Full wav support is a major missing feature, seektable support is another must-have IMO. Is there anything else major besides those that should be on the TODO?

Re: Multithreading

Reply #93
As of commit 0fd319c11503b4a31b355310ed73ca9a7366e551:
  • Seektable support added with --seektable val. -1 (default) to let program size the seektable based on input header (flac/wav), fallback to 100 seekpoints. 0 disables the seektable, n>0 tells the program to use that many seekpoints. The program reserves the right to override users choice if it detects that it's massive overkill
  • Optional metadata preservation from flac input files with --preserve-flac-metadata. Preserves the following meadata blocktypes: Application, Vorbis, Cuesheet, Picture, Undefined, aka everything that can be preserved
  • Added a --metacomp option to flanal allowing it to check if --preserve-flac-metadata losslessly preserved the metadata

Both seektable and metadata preservation has passed all tests including preserving the oddball metadata in flac-test-files, that doesn't mean they're free from bugs. If anyone has weird input they'd like to throw at it please do, I've tried to account for edge-cases but may have missed something.

There's also a separate branch in the repo that doesn't have these new features but does have a split pass as discussed a few posts above, enabled with --split.
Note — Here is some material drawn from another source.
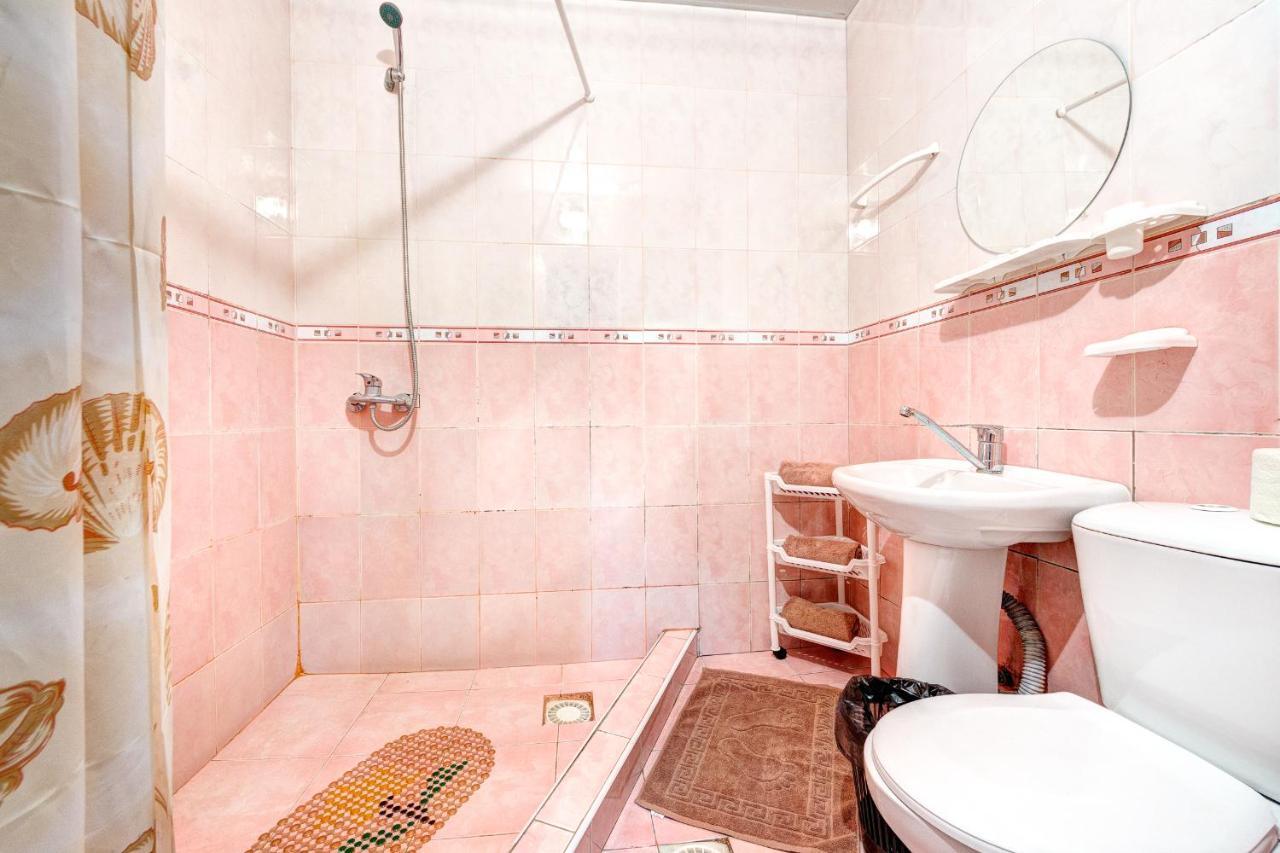 Hotel Zvezda Kijev Kültér fotó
It doesn't seem very effective so unless it can be reworked to be useful it's not going to be mainlined, but maybe I'm not testing with suitable input.

Now that seektable and preserving metadata is in some brave soul can convert their entire collection if they wish. I recommend checking the result with flac -t before you delete the originals, this is still alpha you know ;)

edit: By preserving metadata I mean anything in the flac spec, not very familiar with metadata but there can also be some stuff after the bitstream? That's not currently kept.